Abstract

Preferential Trade Agreements (PTAs) have become deeper over time, often encompassing a set of disciplines that go beyond traditional trade policy such as investment, competition, and intellectual property rights protection. In the policy and theory literature, a prominent argument why countries sign “deep” PTAs is to promote and facilitate the operation of Global Value Chains (GVCs). This paper exploits a new dataset on the content of PTAs and data on trade in value added and in parts and components to quantify the impact of deep trade agreements on bilateral cross-border production linkages. Results show that the positive impact of deep trade agreements on GVC integration is driven by value added trade in intermediate rather than in final goods and services.

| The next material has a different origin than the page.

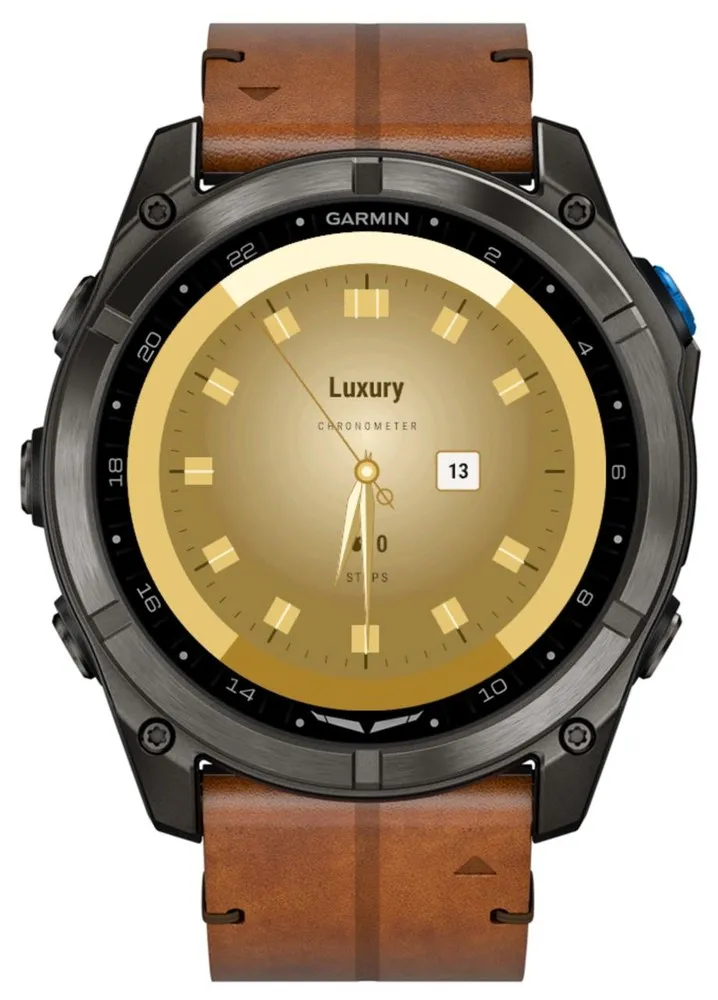 Luxury Chronometer · Capture d'écran 3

Adding a policy area to a PTA increases domestic value added of intermediates (forward GVC linkages) and foreign value added of intermediates (backward GVC linkages) by 0.48 and 0.38 percent, respectively. At the sectoral level, the positive impact of deep PTAs is higher for higher value-added services suggesting that deep agreements help countries to integrate in industries with higher levels of value added. On a larger sample of countries and years, results confirm that adding a provision to a PTA increases bilateral trade in parts and components by 0.3 percent. The content of PTAs also matters for GVC integration, but the impact varies by income group. Provisions outside the current WTO mandate (e.g. investment, competition policy) drive the effect of deep PTAs on value added trade and on North-South trade in parts and components. Provisions under the current WTO mandate (e.g. tariff reduction, customs facilitation) drive the effect of deep PTAs on South-South trade in parts and components.